The Form 80 is for sending to a separate government agency when external security checks are to be made as in the case of people from what are considered to be high risk regions.


----------



## adeelijaz49 (Nov 26, 2010)

Dear Wanderer, 

It says on the immi.gov.au website that when you commence your online application you would receive a checklist of the documents required for online application.
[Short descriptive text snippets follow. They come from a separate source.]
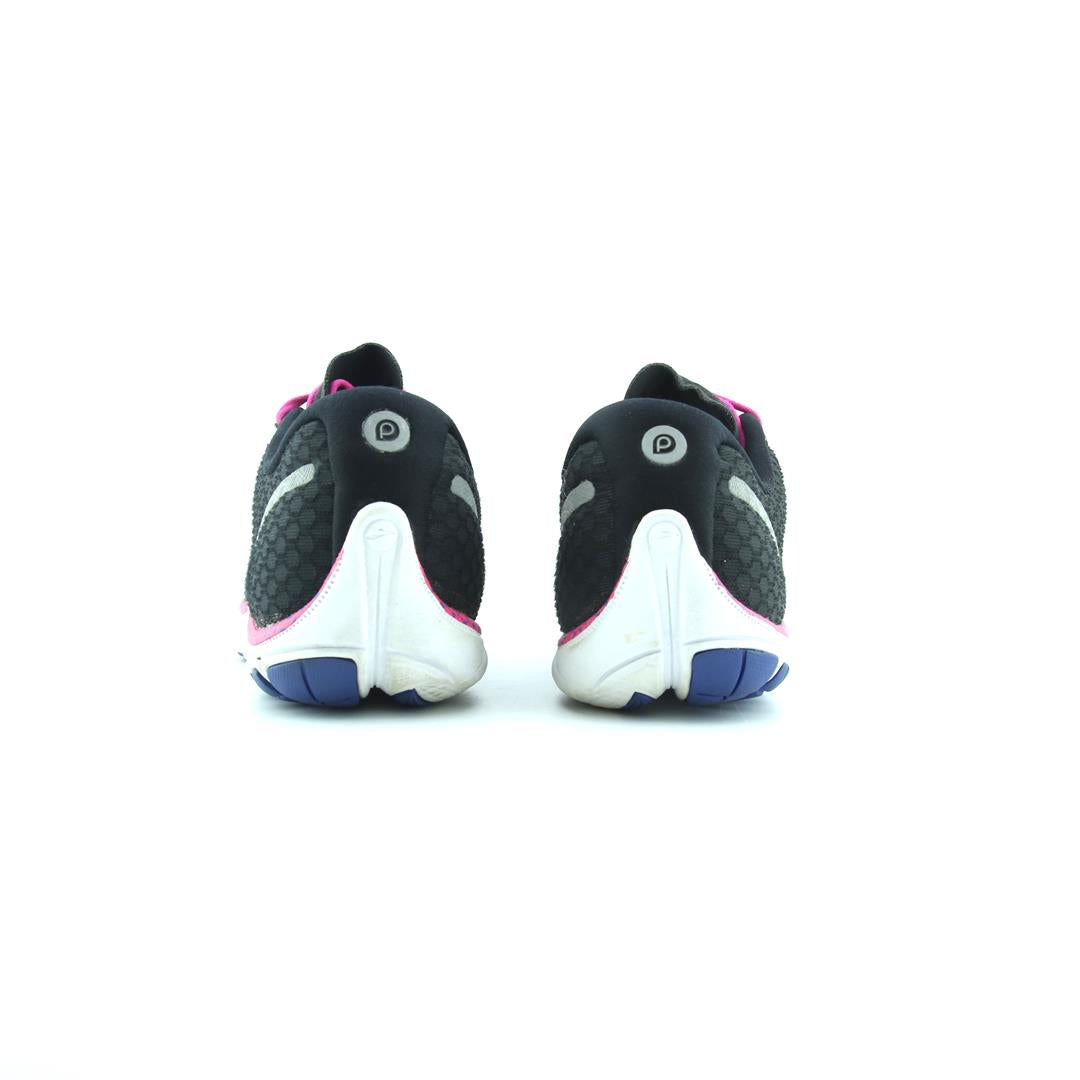PURECONNECT 4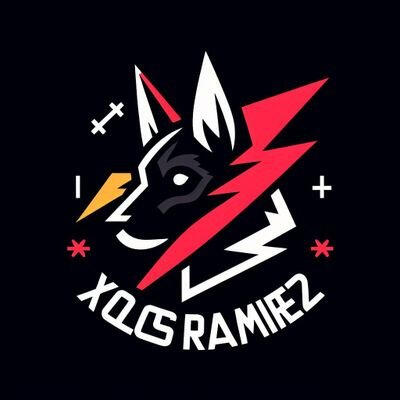 Xolos Ramirez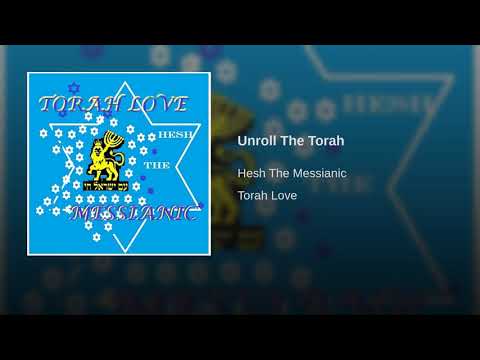 Top Tracks - Hesh The Messianic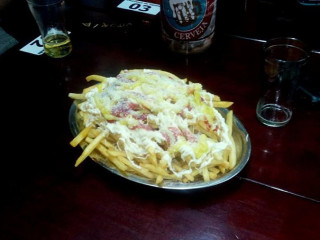 Pizzaria Quero Mais
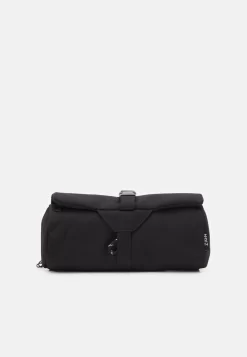 Zign Unisex - Trousse De Toilette - Black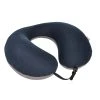 FRILUFTS KALLA HEADREST - Kissen -Marmot Shop 5638017178 a kalla headrest frilufts 24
I couldnt find one.

would it be available once i submit my online application and pay the fee ?


----------



## Wanderer (Jun 16, 2007)

There's a checklist for written applications and so it makes sense that there will be a checklist for an online application and I'd expect that ought to be available to review before you pay your application fee.
Maybe you just need to explore the online application a bit more to track it down.


----------



## adeelijaz49 (Nov 26, 2010)

Wanderer said:


> There's a checklist for written applications and so it makes sense that there will be a checklist for an online application and I'd expect that ought to be available to review before you pay your application fee.
> Maybe you just need to explore the online application a bit more to track it down.


dear wanderer
i have filled the complete online app, and the last page is for payment, i have scanned through many times, till the last payment page. It doesnt offer checklist. I am not asking without doing my home work sir


----------



## Wanderer (Jun 16, 2007)

Send an enquiry to Immi and they'll explain.


----------



## raysool (Sep 28, 2010)

adeelijaz49 said:


> dear wanderer
> i have filled the complete online app, and the last page is for payment, i have scanned through many times, till the last payment page. It doesnt offer checklist. I am not asking without doing my home work sir


Dear sir,
1- the online checklist appears after paying the fees and entering the final step of the application.
2- the form 80 must be requested first then sent.
it is included in the application checklist & it is also mentioned that you don't start the police checks unless requested to do so.

i hope i answered all your questions.


----------



## adeelijaz49 (Nov 26, 2010)

raysool said:


> Dear sir,
> 1- the online checklist appears after paying the fees and entering the final step of the application.
> 2- the form 80 must be requested first then sent.
> it is included in the application checklist & it is also mentioned that you don't start the police checks unless requested to do so.
> ...


thanks dude.....
I am just a bit nervous. Big amount submitted for the first time


----------